There’s this wonderful professor, Prof. Michael Graetzel, who invented this new chemical process that basically mimics photosynthesis in plants. We bought the technology and worked with Prof. Graetzel to bring it to a commercial scale in a massive factory that we purchased and renovated in Cardiff, Wales. We’re the first in the world to commercialize this. What’s so brilliant is that the technology works in ambient light and even in the rain. Because of this, it works for mobile power.

What’s mobile power? It’s batteries. How much energy does it take to make a battery? How much do batteries weigh? What do batteries cost? How much waste are they responsible for? If you have a source of power that replaces batteries which is lightweight and renewable, it’s a fantastic solution.

The thing that I like most about it is that one of the great weaknesses of the renewable energy/green revolution is that much of the technology is not affordable for ordinary folks. You’ve got to be rich to be able to have a house with solar panels, a wind turbine, or whatever else you’re going to use to get renewable energy. Today, you can go to the grocery store and get a reusable bag and recycle. But how do you really green up your life? Now, all of a sudden, there’s this lightweight, small, thin, flexible film that I make so my kid can use renewable energy to operate his Game Boy. We actually have produced this film. We’re manufacturing it. We’re selling initially in India, Africa, and China—areas that don’t have access to the grid to charge their mobile phones.
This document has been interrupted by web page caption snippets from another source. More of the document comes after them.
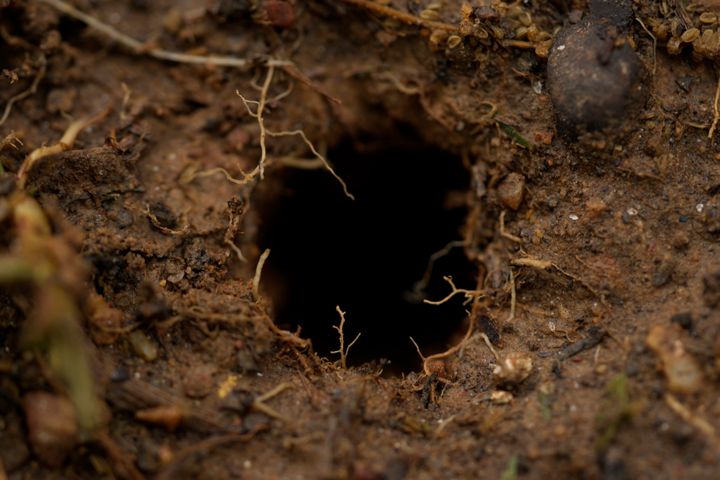Μια τρύπα από τζιτζίκια φαίνεται στο χώμα μετά από μια δυνατή βροχή στην πανεπιστημιούπολη του κολεγίου Wesleyan στο Macon, Ga., Τετάρτη 27 Μαρτίου 2024. Τα τζιτζίκια σκάβουν προληπτικά σήραγγες στην επιφάνεια πριν ακόμα είναι έτοιμα να αναδυθούν.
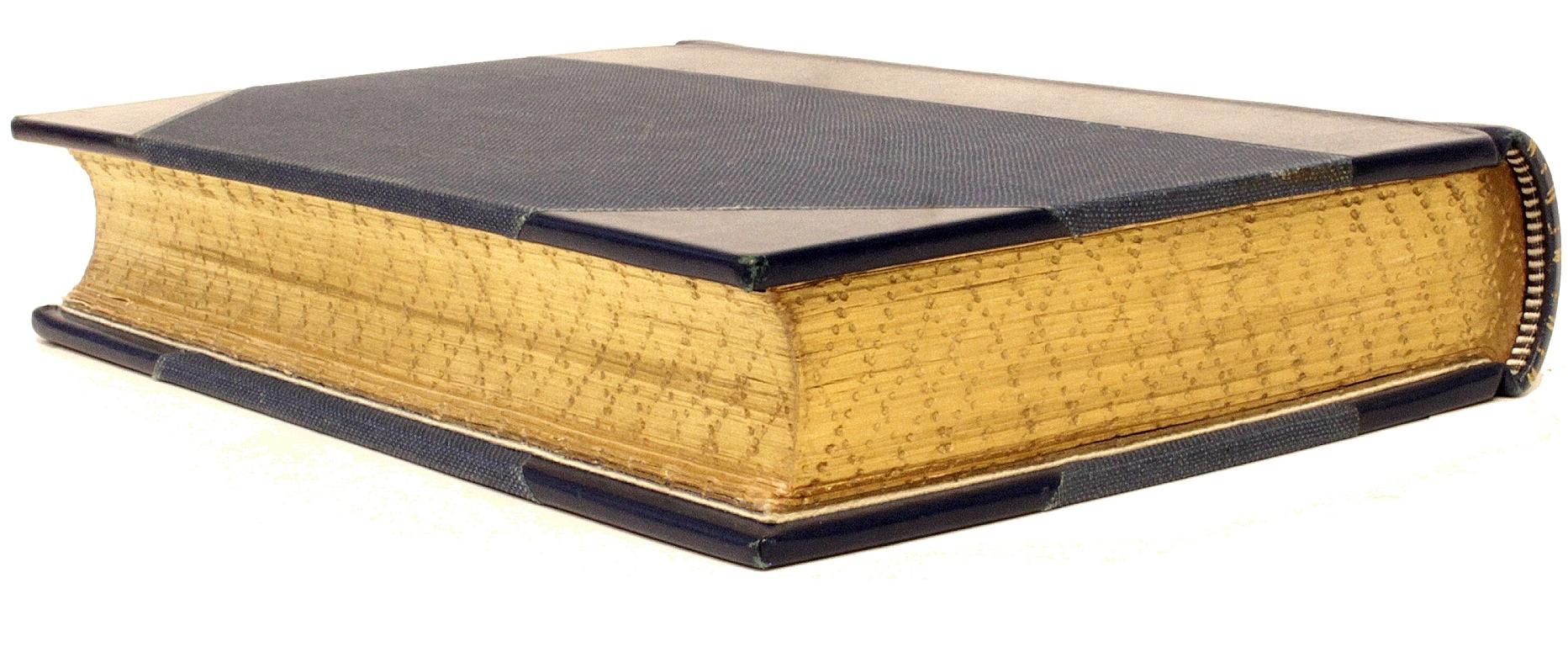 Britannique Andrew Lang, le livre de poésie bleu, copie de la présentation du rédacteur en chef, 1891 en vente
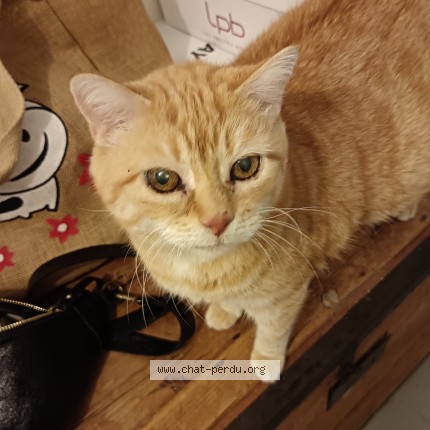 Photo de chat perdu à Dieulefit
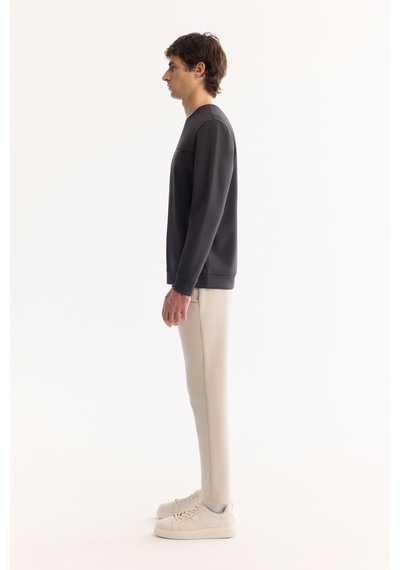 Avva Erkek Antrasit Bisiklet Yaka Pamuklu Bi-stretch Baskılı Regular Fit Sweatshirt A52y1325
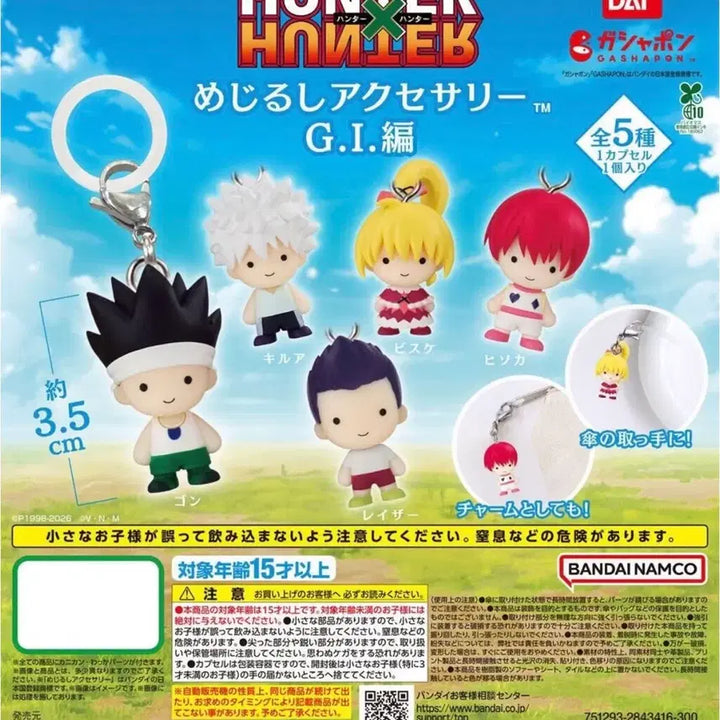 [BUNJANG] Hunter x Hunter Mejurushi Grid Island Laser / 헌터헌터 메지루시 그리드아일랜드 (레이저)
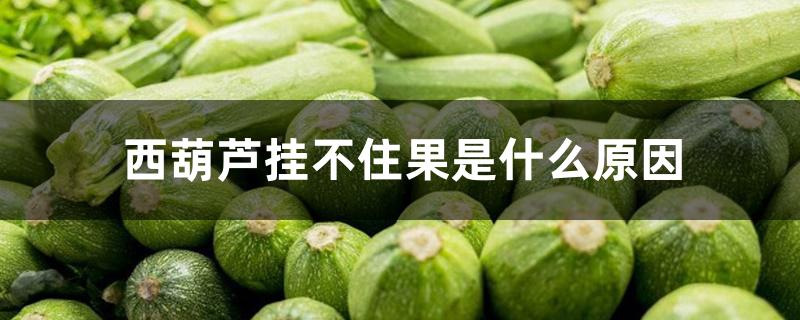 西葫芦挂不住果是什么原因 西葫芦挂不住果是什么原因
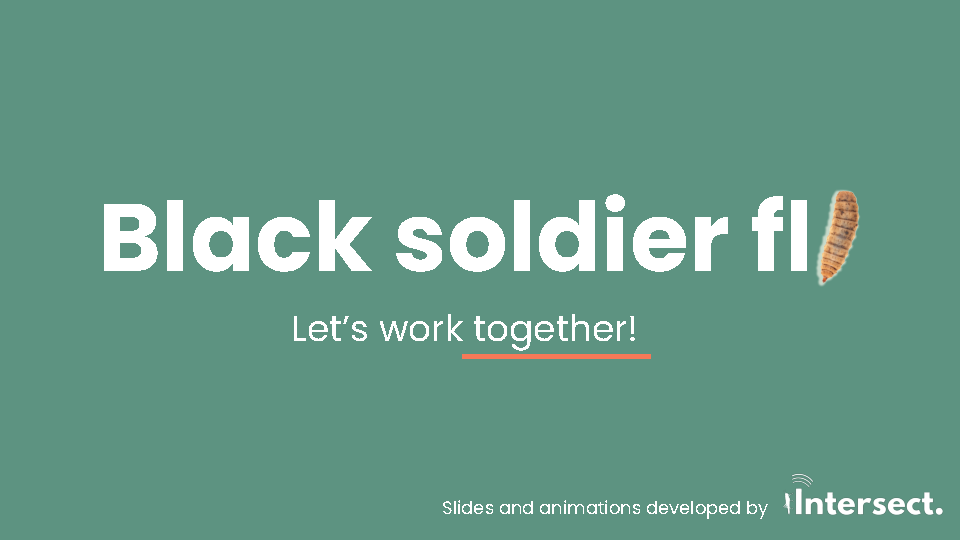 Mealworm Pitch Deck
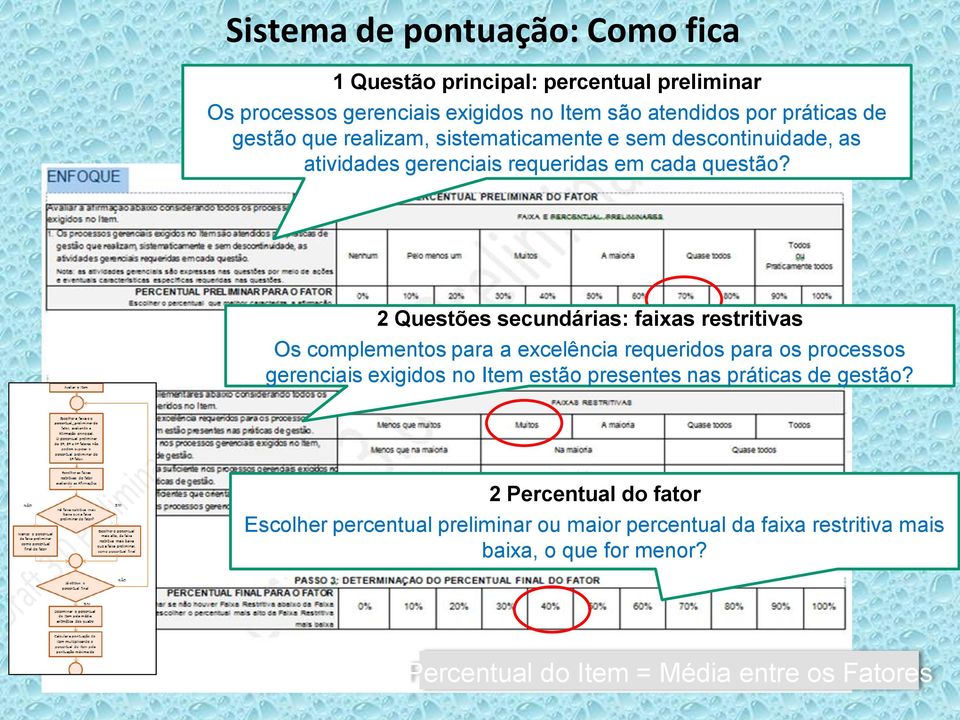 2 Questões secundárias: faixas restritivas Os complementos para a excelência requeridos para os processos gerenciais exigidos no Item estão presentes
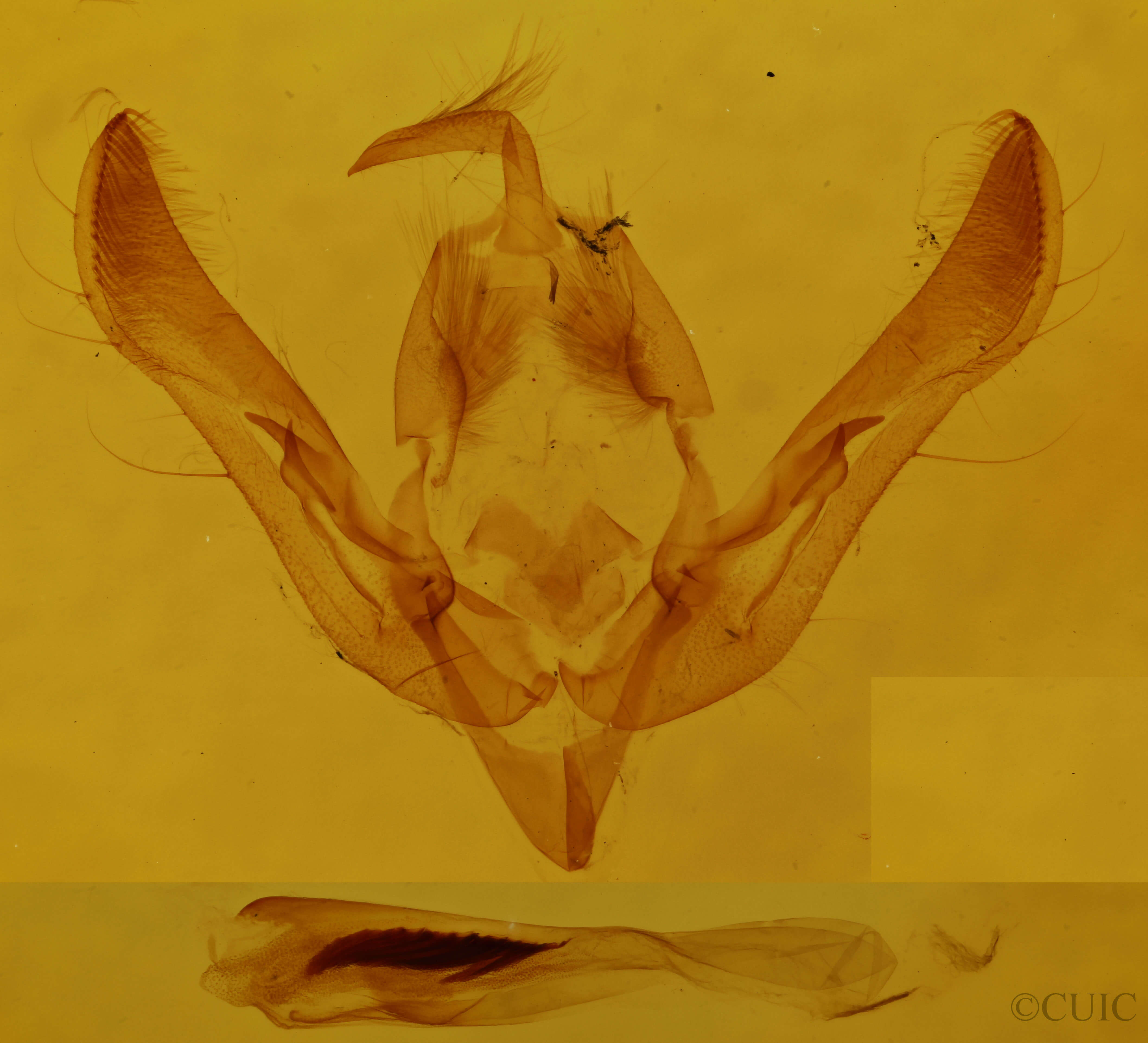 genitalia view of adult Orthosia revicta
Jackson: Explain more about how it works.

Hertzberg: It is the closest mankind has come to replicating photosynthesis, the process that plants use to produce energy from light. Basically, it starts with a very active type of dye that you put on top of a semi-conductor. A semiconductor that is found in common ingredients like toothpaste. The light energy that comes through activates the dye and is converted into electrical energy that we then pick up.

Caller: Is California, which appears to be the frontline of renewable energy in the country, doing as good a job as other places around the globe?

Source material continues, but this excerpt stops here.